Корделия вдруг осознала, что произнесла последние слова вслух, и тут же вспомнила, где находится. Лицо Имогены де Вере, казалось, выплыло из темноты холста, осветившись каким-то внутренним сиянием. «Да, это несправедливо. – Она представила, будто портрет заговорил. – А ты думаешь, справедливо, что я за одну ночь утратила свою красоту?» – «Конечно нет, – мысленно ответила Корделия, – так же как несправедлива была гибель отца». Да, она знала, что половина британских семей лишилась отцов, мужей, сыновей, братьев, но это нисколько не облегчало ее горя. Несправедливо было и то, что родители матери винили отца в смерти их дочери и по этой же причине отказывались признавать своих внучек. «До третьего колена…» Но ведь отец жил, не нарушая заповедей; и потому остатки ее веры в справедливого и всемогущего Господа умерли вместе с ним.

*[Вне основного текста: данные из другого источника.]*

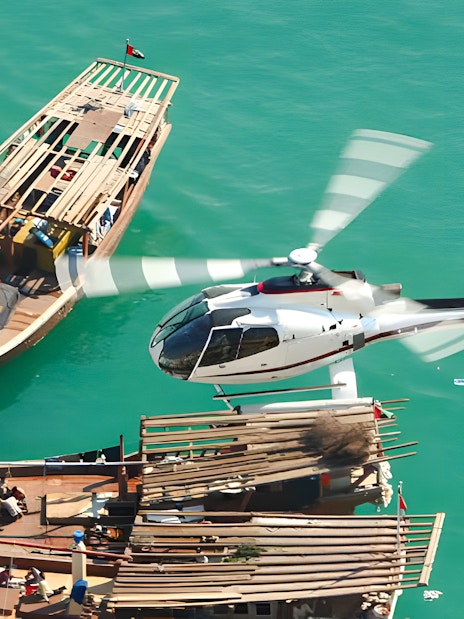 Helicopter flying over traditional boats on Dubai's turquoise waters.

Тетя Уна и дядя Теодор подходили к воспитанию племянниц со всей ответственностью, так что обе они прошли обряды крещения и конфирмации, но Корделия не чувствовала в тете и дяде искренней преданности вере. Даже господин Готорн-Хайд, нынешний викарий, вызывал у нее сомнения – не похоже было, чтобы он полностью верил в свои проповеди о воле Божьей. Она не понимала, почему по воле Божьей люди убивают друг друга и почему голодают дети. Беатрис отказывалась ходить в церковь с того самого дня, как пришло известие о гибели отца. Корделия же иногда посещала службу. Но гораздо чаще она проскальзывала в церковь Святой Марии, когда там никого не было, и стояла в сумрачной тишине, вдыхая запахи старого дере ва и камня, пыльных ряс, оплывающих свечей и сухих цветов, «надеясь, что так оно и будет», но что именно, пока не знала.

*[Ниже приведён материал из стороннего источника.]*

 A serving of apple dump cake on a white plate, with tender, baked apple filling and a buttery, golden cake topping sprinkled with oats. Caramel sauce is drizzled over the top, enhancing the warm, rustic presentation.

Прошлой осенью она и дядя Теодор ездили в гости к Персивалю Торнтону, чей сын был боевым товарищем их отца и погиб незадолго до смерти Артура де Вере. С тех пор семьи поддерживали знакомство. Эти визиты, хотя и рождавшие тяжелые воспоминания, были особенно дороги господину Торнтону, который, овдовев, жил совершенно один. Каждый раз при встрече с ним Корделия и Теодор замечали, что он еще больше похудел, поседел и сгорбился; казалось, горе пожирало его изнутри. Медали Роберта, начищенные до блеска, как всегда, были выставлены в шкафу из красного дерева при входе, в его комнате на видном месте висела безукоризненно отглаженная военная форма, и весь дом увешан фотографиями Роберта, которые были сделаны самим господином Торнтоном и отражали короткую жизнь его сына чуть ли не поминутно.

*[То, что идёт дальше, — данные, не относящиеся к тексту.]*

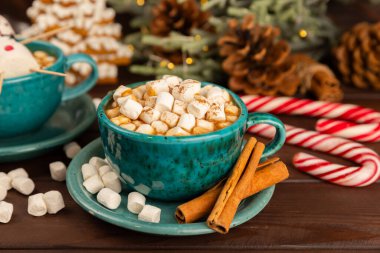Şekerlemeli sıcak içecek ve desenli masa üzerinde şeker kamışı. Sıcak mevsimlik tatiller. Zencefilli Noel kurabiyeleriyle sıcak kakao. Marşmelov ve baharatla sıcak çikolata..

Визиты эти проходили по раз и навсегда установленному ритуалу. Начинались они с осмотра памятных вещей, за этим следовал чай, который Корделия, по собственному настоянию, заваривала сама, а потом все прогуливались по саду, если позволяла погода. Но в этот раз, как заметила Корделия, старик Торнтон мучительно пытался скрыть сильнейшее беспокойство. И еще она обратила внимание на его руки, которые со времени их последней встречи покрылись странными пятнами. Уже в конце чаепития он вдруг замялся, а потом попросил разрешения показать им одну фотографию.